* **Work request**
Below are records; the lines starting at the one with "interior space featuring" and ending at the one with "Oval pewter platter, another" must be reproduced exactly, both included. Pictures must not appear.

* **Information given**
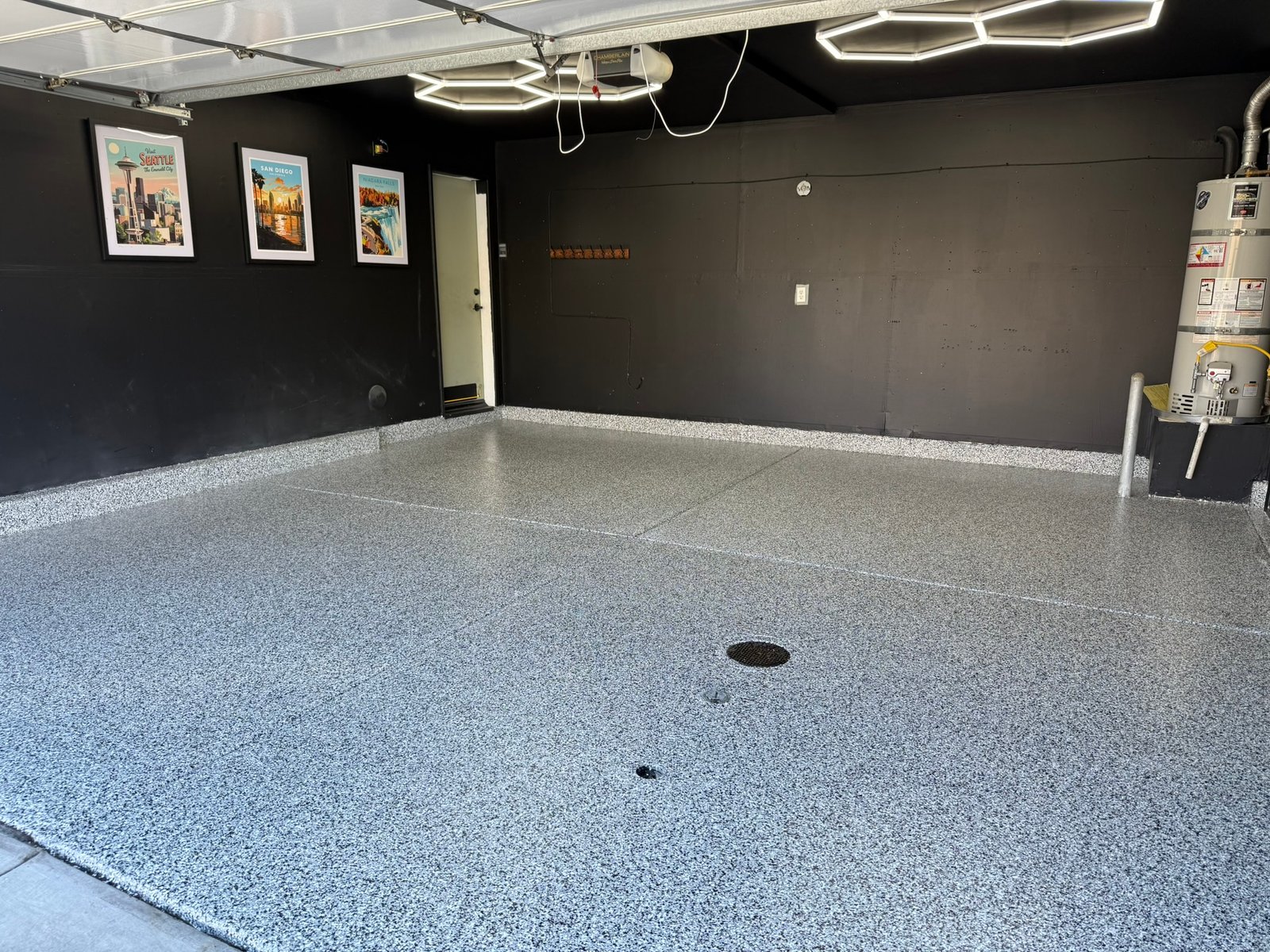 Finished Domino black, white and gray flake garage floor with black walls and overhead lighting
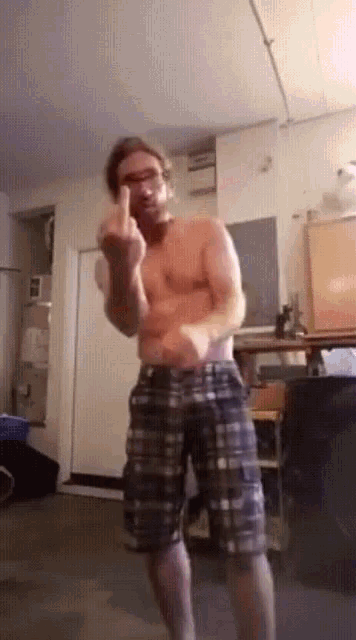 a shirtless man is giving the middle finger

...

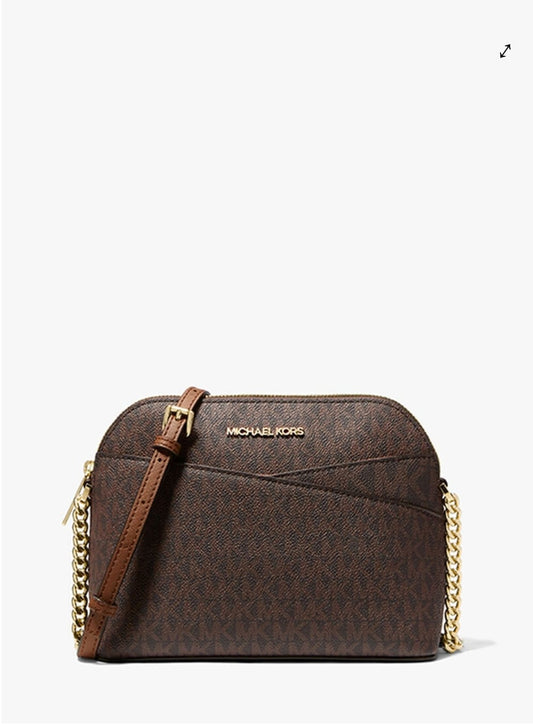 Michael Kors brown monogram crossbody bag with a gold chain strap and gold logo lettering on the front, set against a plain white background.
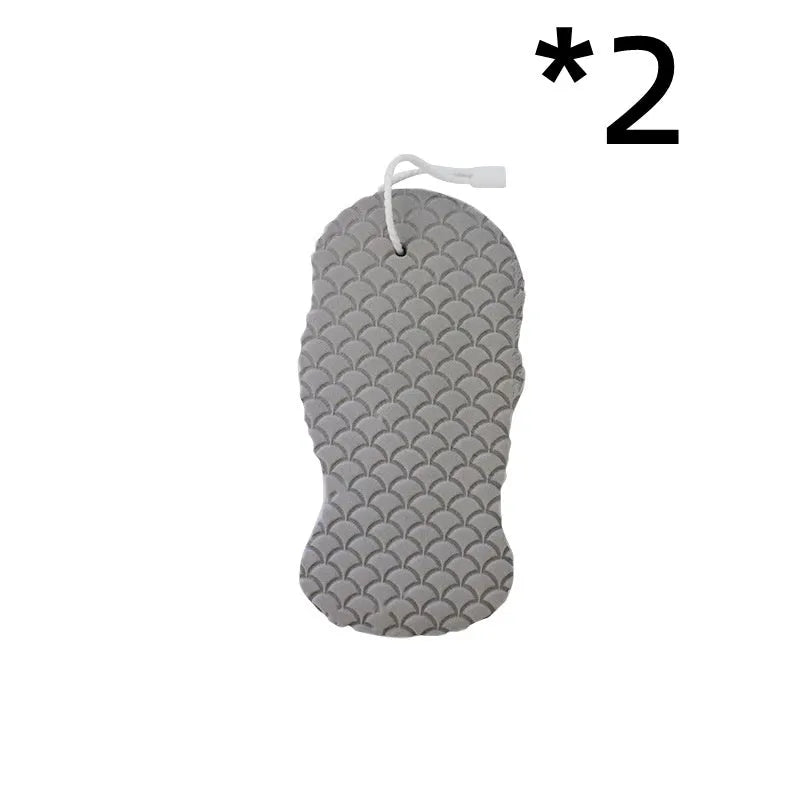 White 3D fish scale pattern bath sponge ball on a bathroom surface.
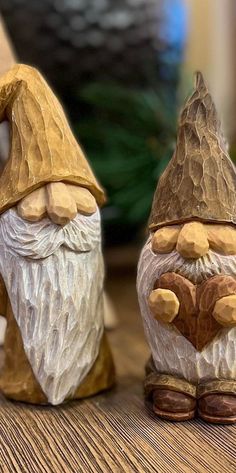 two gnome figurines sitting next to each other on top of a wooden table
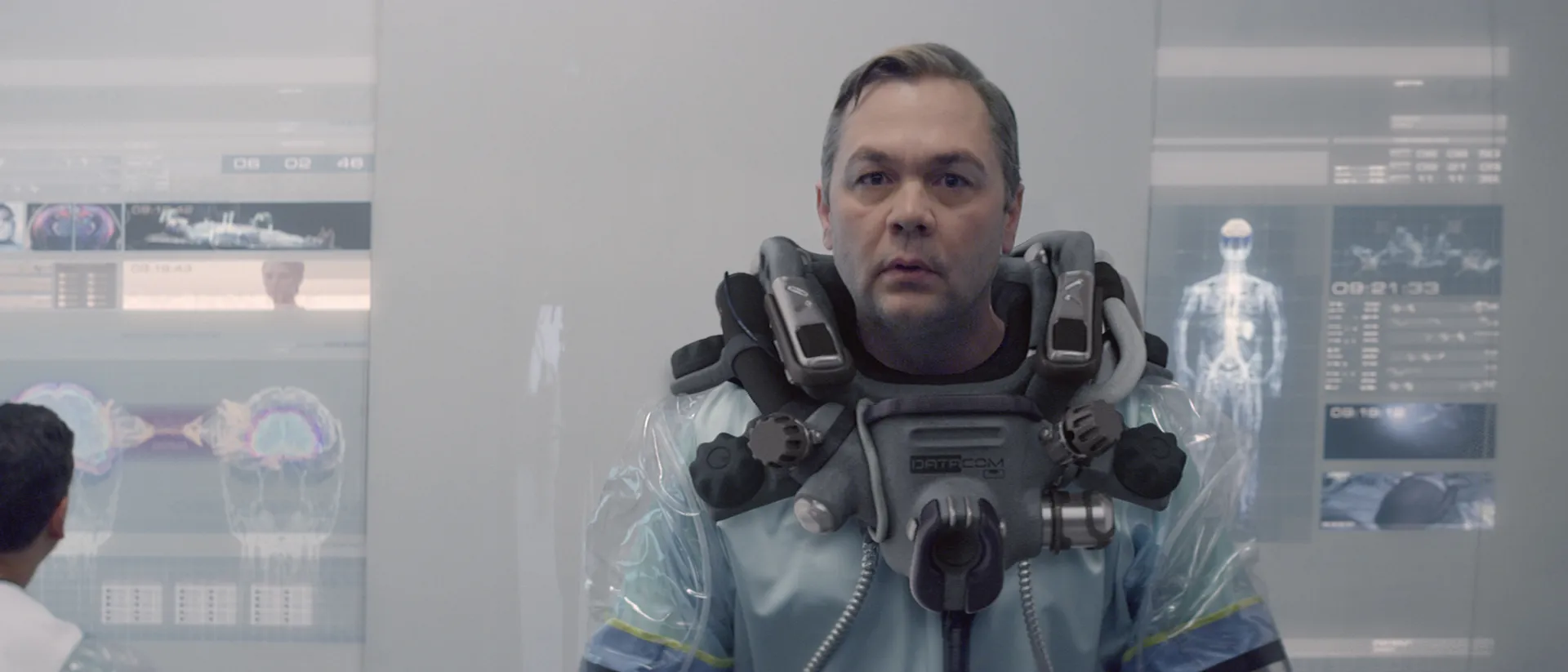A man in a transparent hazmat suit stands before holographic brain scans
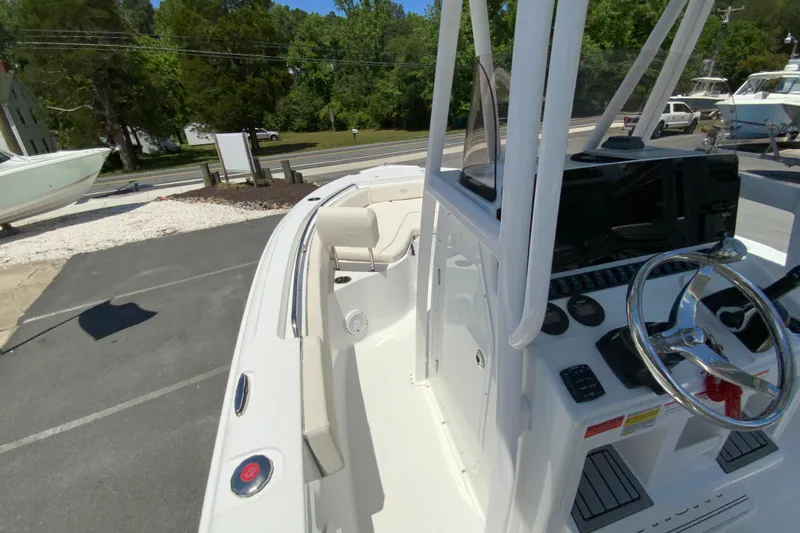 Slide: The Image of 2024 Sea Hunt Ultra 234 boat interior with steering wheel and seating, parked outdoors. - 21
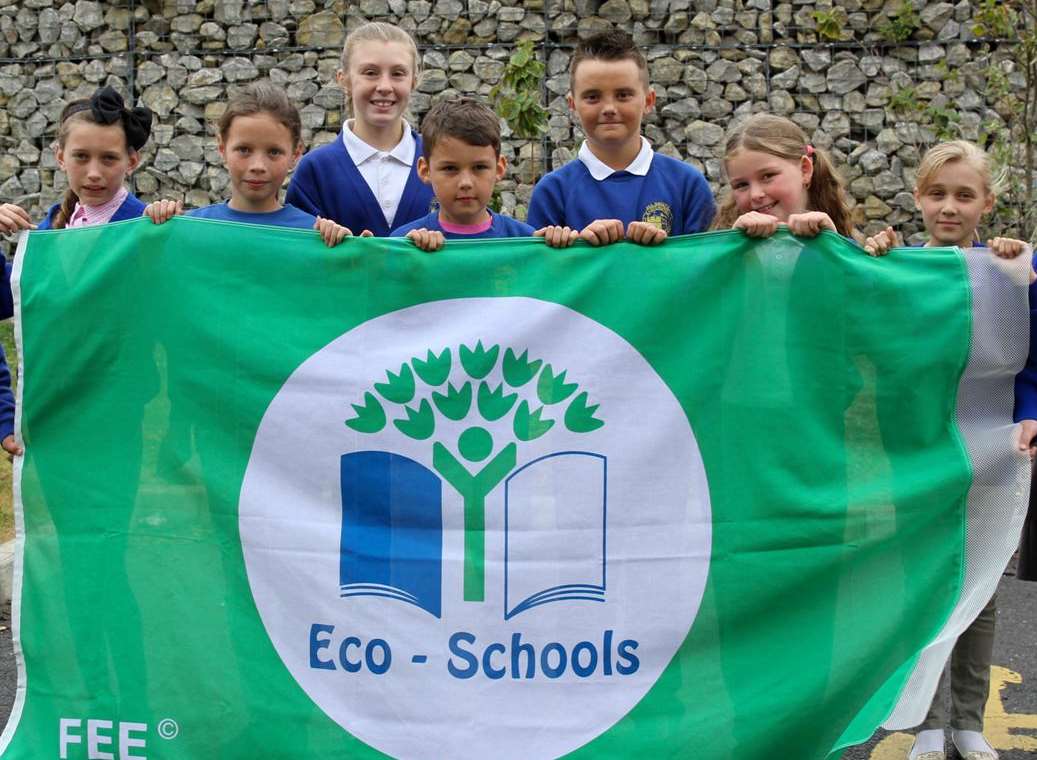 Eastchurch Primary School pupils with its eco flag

--

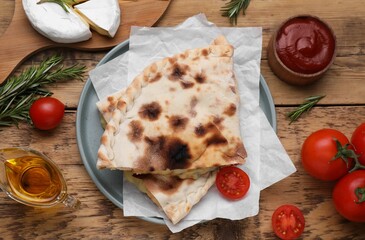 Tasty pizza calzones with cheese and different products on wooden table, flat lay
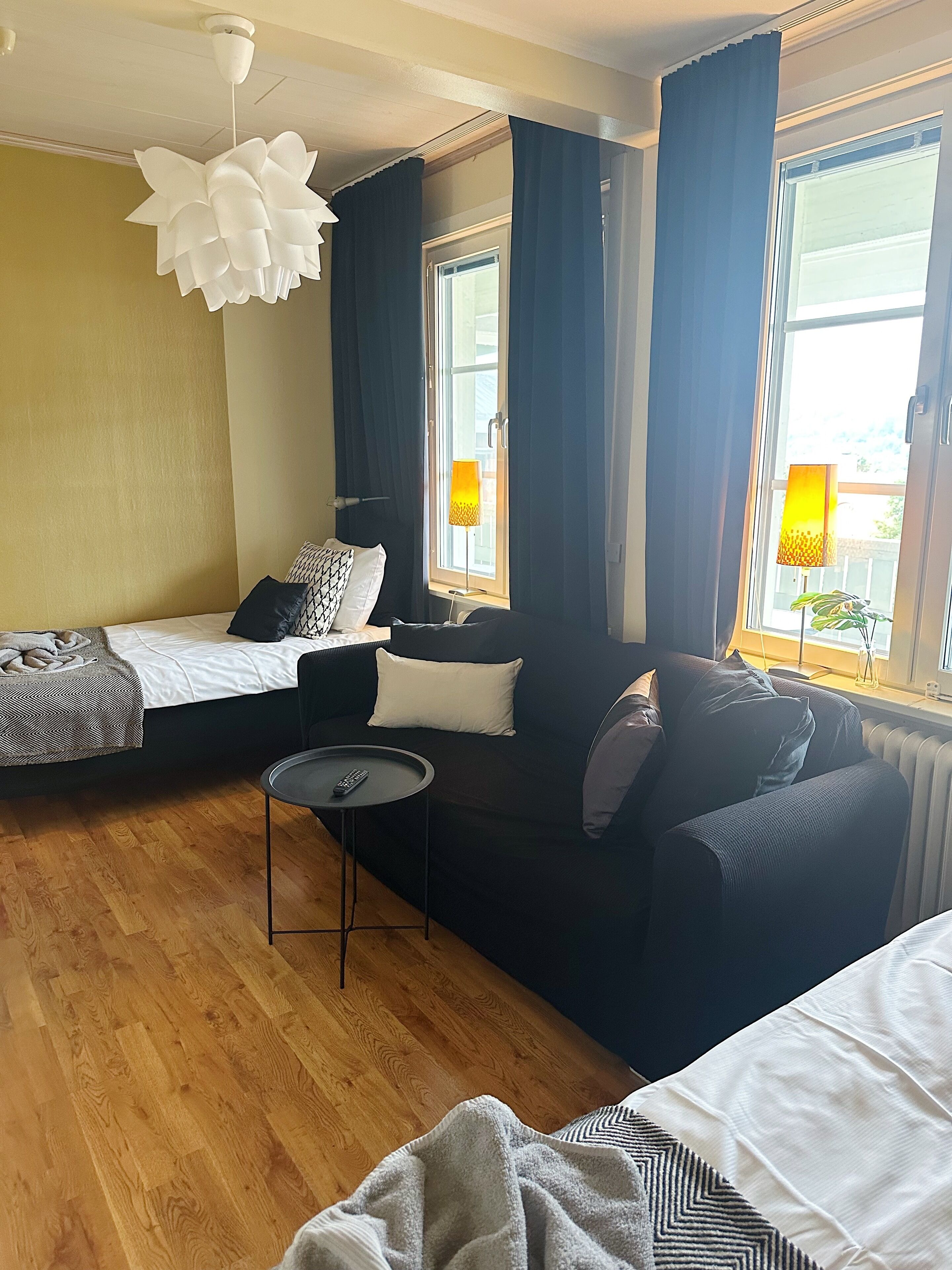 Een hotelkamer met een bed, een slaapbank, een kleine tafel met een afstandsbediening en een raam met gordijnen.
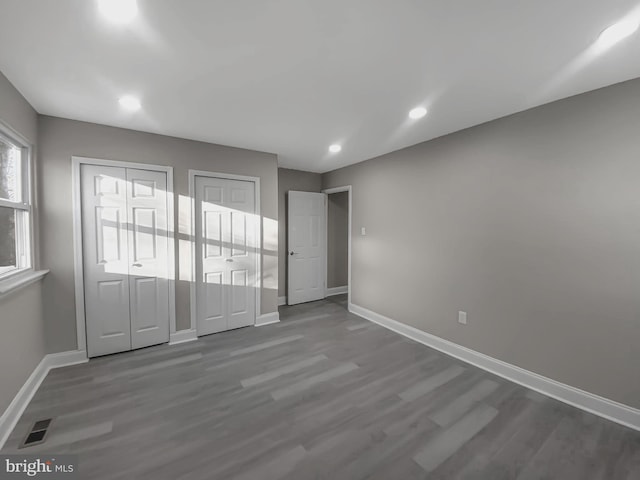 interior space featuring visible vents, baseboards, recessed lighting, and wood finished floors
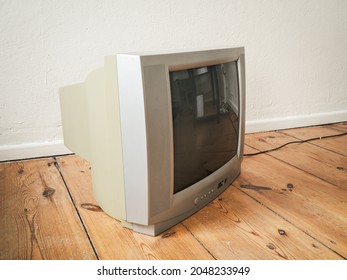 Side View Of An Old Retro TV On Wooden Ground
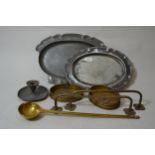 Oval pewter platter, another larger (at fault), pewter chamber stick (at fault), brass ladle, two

* **Response to the exercise**
 interior space featuring visible vents, baseboards, recessed lighting, and wood finished floors
 Side View Of An Old Retro TV On Wooden Ground
 Oval pewter platter, another larger (at fault), pewter chamber stick (at fault), brass ladle, two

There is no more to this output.